A faithful copy of the entries is required, with no images in it.

- Opening Delimiter -

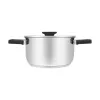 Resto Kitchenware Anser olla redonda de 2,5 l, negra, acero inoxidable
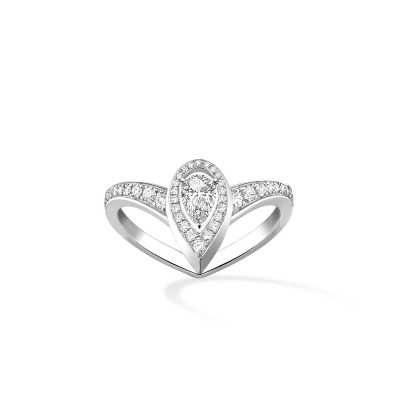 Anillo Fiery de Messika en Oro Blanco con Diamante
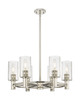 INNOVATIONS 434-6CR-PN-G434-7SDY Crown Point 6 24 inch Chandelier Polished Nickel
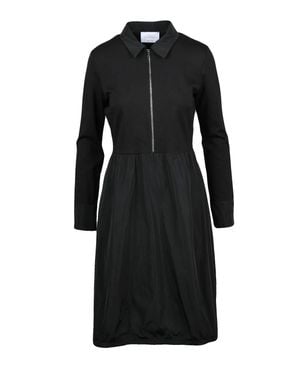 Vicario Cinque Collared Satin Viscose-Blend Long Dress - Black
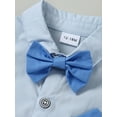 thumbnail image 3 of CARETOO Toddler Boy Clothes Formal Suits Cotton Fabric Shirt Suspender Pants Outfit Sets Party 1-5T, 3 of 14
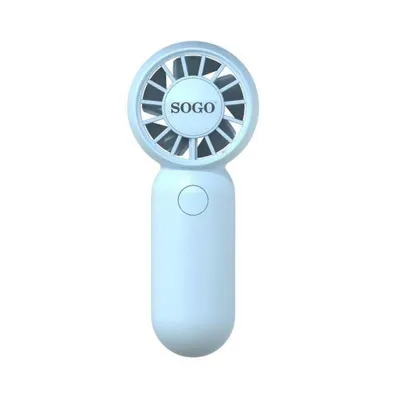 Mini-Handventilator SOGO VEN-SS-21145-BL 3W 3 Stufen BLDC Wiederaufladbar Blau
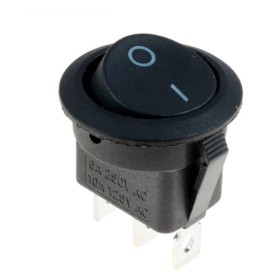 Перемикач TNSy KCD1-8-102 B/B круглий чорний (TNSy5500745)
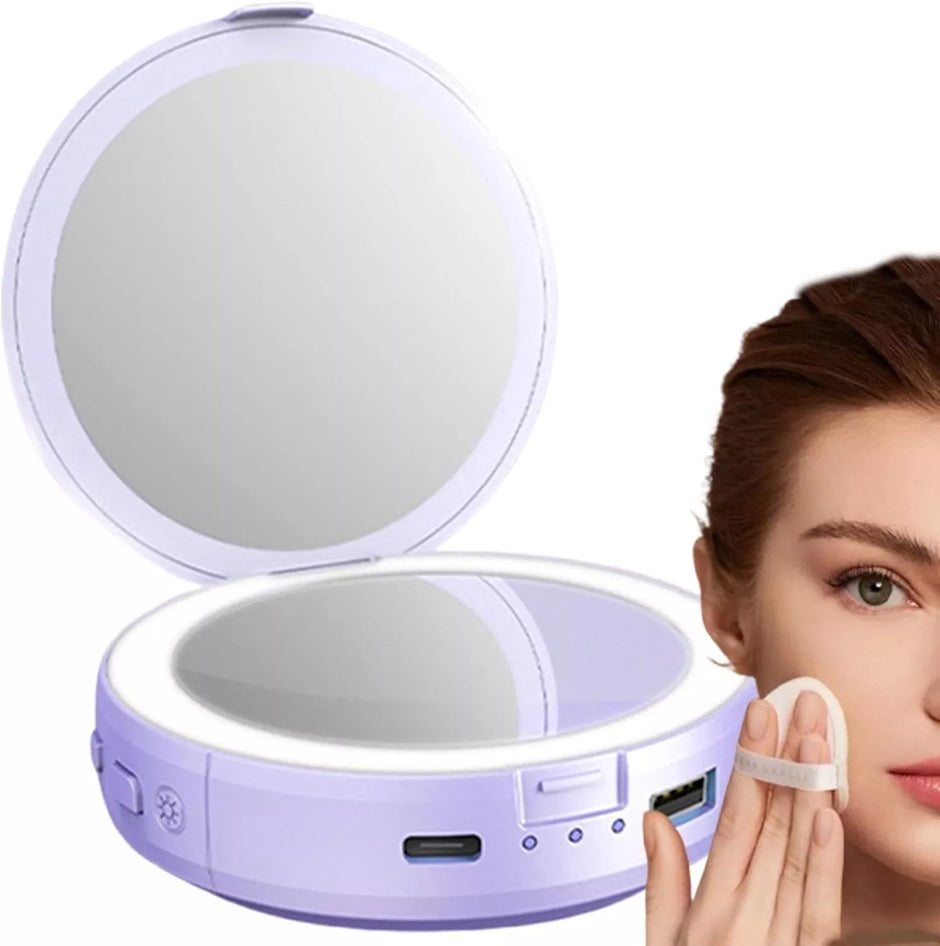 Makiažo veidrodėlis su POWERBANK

- Closing Delimiter -

* OUTPUT OF THE TASK
 Resto Kitchenware Anser olla redonda de 2,5 l, negra, acero inoxidable
 Anillo Fiery de Messika en Oro Blanco con Diamante
 INNOVATIONS 434-6CR-PN-G434-7SDY Crown Point 6 24 inch Chandelier Polished Nickel
 Vicario Cinque Collared Satin Viscose-Blend Long Dress - Black
 thumbnail image 3 of CARETOO Toddler Boy Clothes Formal Suits Cotton Fabric Shirt Suspender Pants Outfit Sets Party 1-5T, 3 of 14
 Mini-Handventilator SOGO VEN-SS-21145-BL 3W 3 Stufen BLDC Wiederaufladbar Blau
 Перемикач TNSy KCD1-8-102 B/B круглий чорний (TNSy5500745)
 Makiažo veidrodėlis su POWERBANK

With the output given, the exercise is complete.